This blog post is for you to get the same information I got browsing for a while around various stackoverflows and documentation pages, all in one place.

As it is for manipulations of polygons, handling datetimes is another recurring task in geospatial data science.

In python there are multiple ways to encode a point in time according to a range of criteria:

  • Readability
  • Storing space
  • Out of the box methods

Before delving into some examples, let’s warm up with a code snippet showing what can go wrong if dates and times are manipulated carelessly.

import datetime as dt

FORMAT = "%H:%M:%S%z %Y-%m-%d"

event_1 = dt.datetime.strptime("22:15:00+00:00 2022-05-01", FORMAT)
event_2 = dt.datetime.strptime("18:30:00+00:00 2022-06-01", FORMAT)

print(f"Events as type {type(event_1)}")
print(f"Event 1: {event_1}")
print(f"Event 2: {event_2}")

if event_1 < event_2: 
    print(f"\nDatetime {event_1} comes before {event_2}")


event_1 = event_1.strftime(FORMAT)
event_2 = event_2.strftime(FORMAT)

print(f"\nEvents as type {type(event_1)}")
print(f"Event 1: {event_1}")
print(f"Event 2: {event_2}")


if event_1 > event_2: 
    print(f"\nDatetime {event_1} comes after {event_2}.")
    print("Oh, Really?")
Events as type <class 'datetime.datetime'>
Event 1: 2022-05-01 22:15:00+00:00
Event 2: 2022-06-01 18:30:00+00:00

Datetime 2022-05-01 22:15:00+00:00 comes before 2022-06-01 18:30:00+00:00

Events as type <class 'str'>
Event 1: 22:15:00+0000 2022-05-01
Event 2: 18:30:00+0000 2022-06-01

Datetime 22:15:00+0000 2022-05-01 comes after 18:30:00+0000 2022-06-01.
Oh, Really?

Can you see what went wrong?

In this example we started from two datetimes (any representation of a date and a time) in string format. These were converted to instances of datetime.datetime from the standard library datetime.

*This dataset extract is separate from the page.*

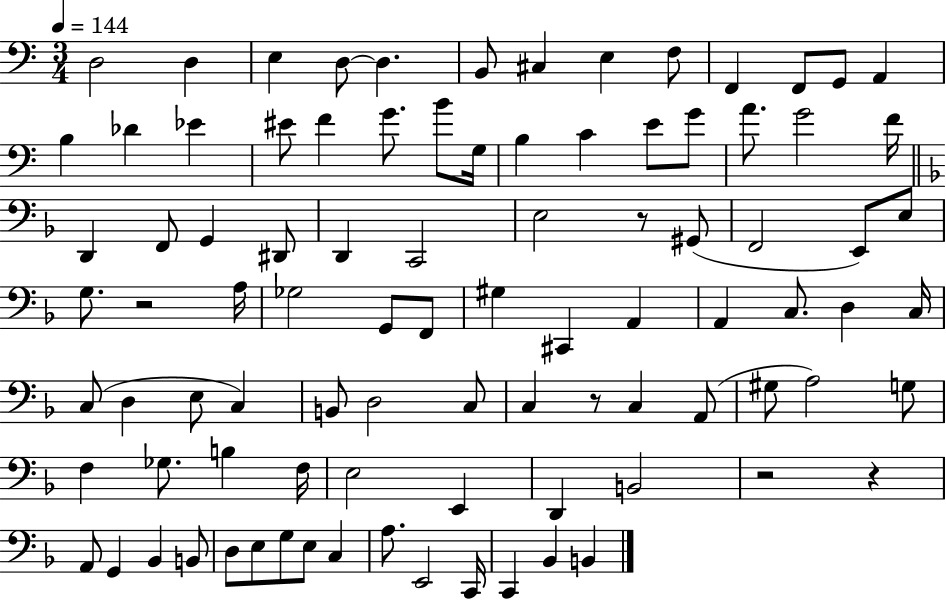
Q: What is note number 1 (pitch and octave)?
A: D3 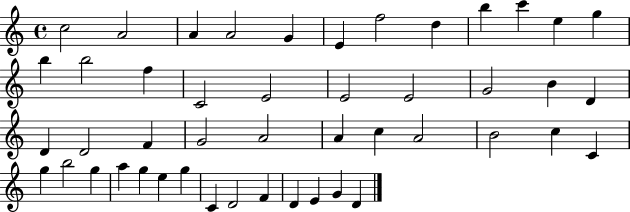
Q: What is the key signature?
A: C major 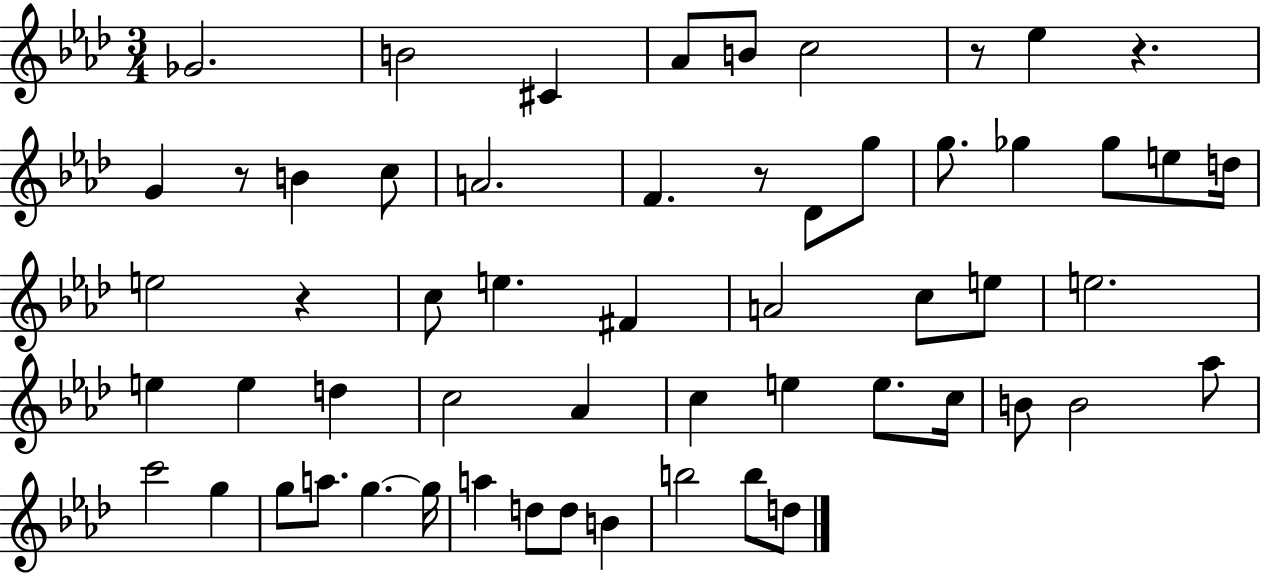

The first odd thing, that becomes evident when calling type(dt.datetime.strptime("22:15:00+00:00 2022-05-01", FORMAT)) is that datetime.datetime is not a class. It is a type, like int and str, so it does not follow the camel case convention1.

Also that the type name and the library name are the same. So, in some modules you will find from datetime import datetime and in other simply import datetime, a confusion that I avoid usually aliasing the library datetime to dt, as done in the previous example.

From the diagram shown, we can see another source of possible confusions: in the python world the term timestamp refers to a datetime object converted to an integer — more details in the section later about how this is done. In the pandas world instead, the term timestamp is used as the class that encodes the pandas datetime object. So there is a change in the naming convention if you are using the python standards libraries, or if you are using pandas.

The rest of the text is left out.